Thread overview
Re: D mentioned on Rust discussions site
May 24, 2020
H. S. Teoh
May 25, 2020
Walter Bright
May 25, 2020
H. S. Teoh
May 23, 2020
On Sat, May 23, 2020 at 09:05:47PM -0700, Walter Bright via Digitalmars-d wrote:
> On 5/23/2020 6:18 AM, Dibyendu Majumdar wrote:
> > > https://www.digitalmars.com/articles/C-biggest-mistake.html
> > 
> > I do not think it was a mistake at all. Treating pointers and arrays uniformly is one of the great innovations in C.
> 
> The amount of buffer overflows enabled by it is legendary.

On Sat, May 23, 2020 at 09:15:18PM -0700, Walter Bright via Digitalmars-d wrote:
> On 5/23/2020 4:50 PM, Andrei Alexandrescu wrote:
> > This "no fat pointers" decision cascaded into another disastruous choice - zero terminated strings. Worse than even autodecoding :o).
> 
> Ironically, a lot of C's speed advantage is lost in endlessly scanning strings to find their length.

Hear, hear.

Having worked for the past 25 years in the industry primarily with C code, I have to say that the amount of C code with hidden potential buffer overflows is staggering. In spite of a big push in the past 10 or so years towards safer C coding practices, I still regularly come across code that have potential buffer overflows hidden deep within a large codebase, and code being freshly written that *still* depend on unfounded assumptions about array length -- because manually passing the length is just too cumbersome, and people either don't bother with it, or make mistakes while doing it (nothing like passing the wrong length to screw up your day -- esp. when it gets missed by QA and proceeds to explode in the customer's production environment -- or worse, it *doesn't* get noticed by the customer until a hacker decides to exploit it).
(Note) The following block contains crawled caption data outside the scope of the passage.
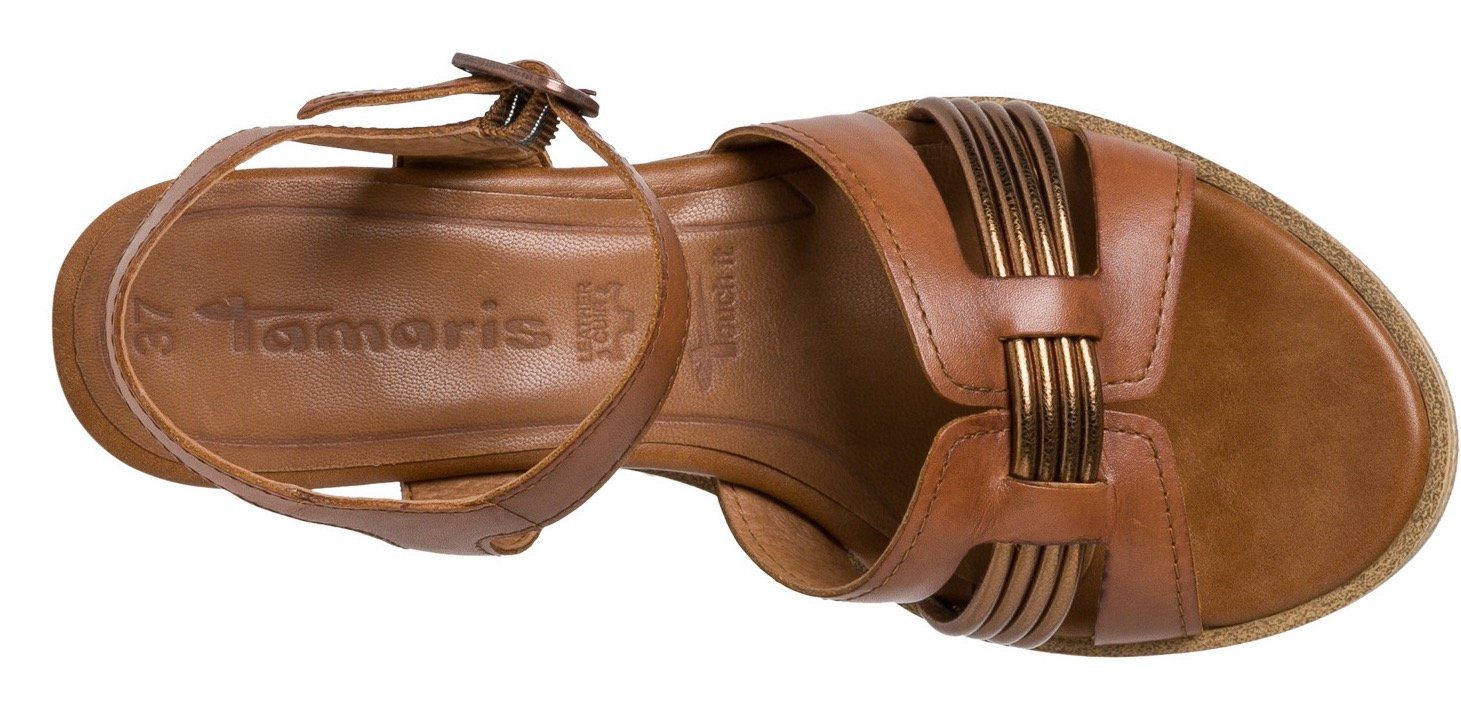 Tamaris cognac-kupfer It-Innensohle Keilsandalette Touch mit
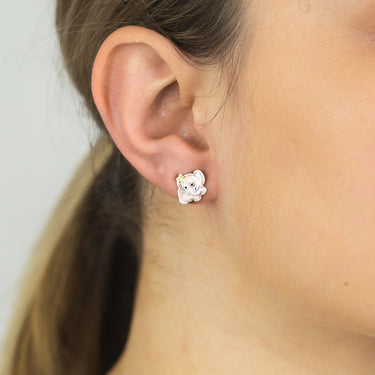 Sterling Silver Pink Enamel Elephant Studs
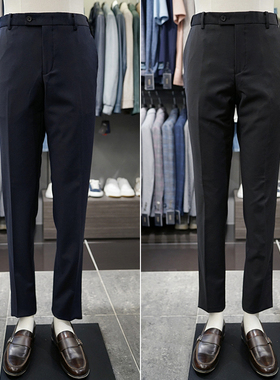 BASSO秋款韩版XH2藏青色黑色纯色羊毛混纺弹力西裤长裤男士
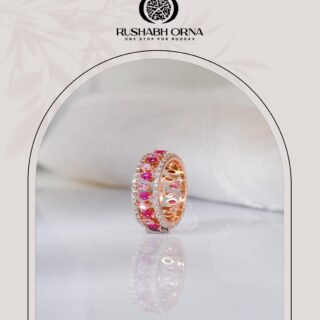 Rose Gold Pink Sapphire Eternity Band Ring with sparkling white stones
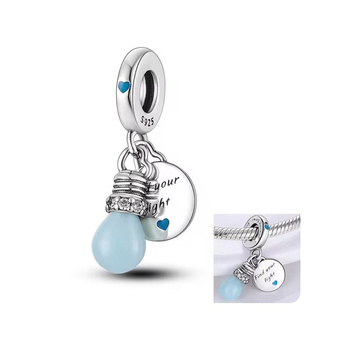 Srebrna zawieszka charms żarówka do bransoletki modułowej pr.925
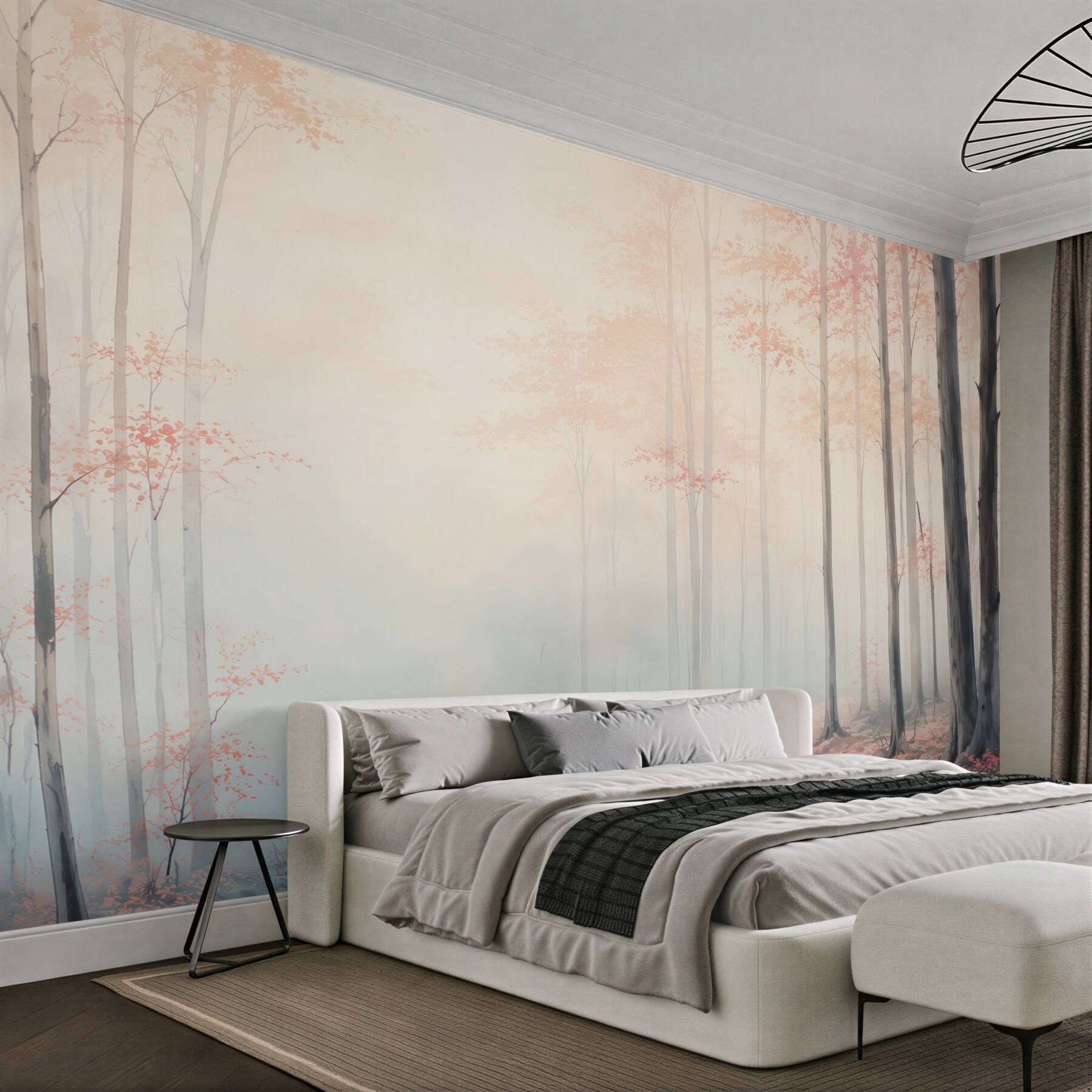 Fototapeta pastelowy las we mgle z różowymi liśćmi i leśną ścieżką?v23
Not to mention the gigantic pain in writing said code in C in the first place -- you constantly have to be burning mental calories trying to keep track of which pointer goes with which length, making sure to manually check bounds, making sure to think thrice about your loop to prevent overruns, endless calls to strlen() without even thinking about the performance consequences. I'm serious, I work with a huge codebase of almost 2 million LOC, and strlen calls are everywhere, including inside macros that nobody really takes the time to understand but just sprinkle everywhere in their code.  The complexity of managing all of this is just beyond any normal person's capacity given the tight deadlines we have to meet, so people just call strlen willy-nilly without even thinking about the performance consequences.  And of course, the huge bulk of code that expects null-terminated strings means it's just not worth trying to encapsulate the length in any sort of way -- you make yourself incompatible with just about everything else, and end up spending endless effort converting to/from char* instead, which is not any better.  So the problem perpetuates itself, and becomes an accumulated cost that nobody can feasibly improve without rewriting the entire darned thing from ground up. (And even then, all it takes is for *someone* to start using char* again, and suddenly you're back to square one. No sane C coder uses anything *but* char* for strings in "normal" C code. Esp. code that needs to talk to other C libraries not written by your team. It's inextricably ingrained in C culture.)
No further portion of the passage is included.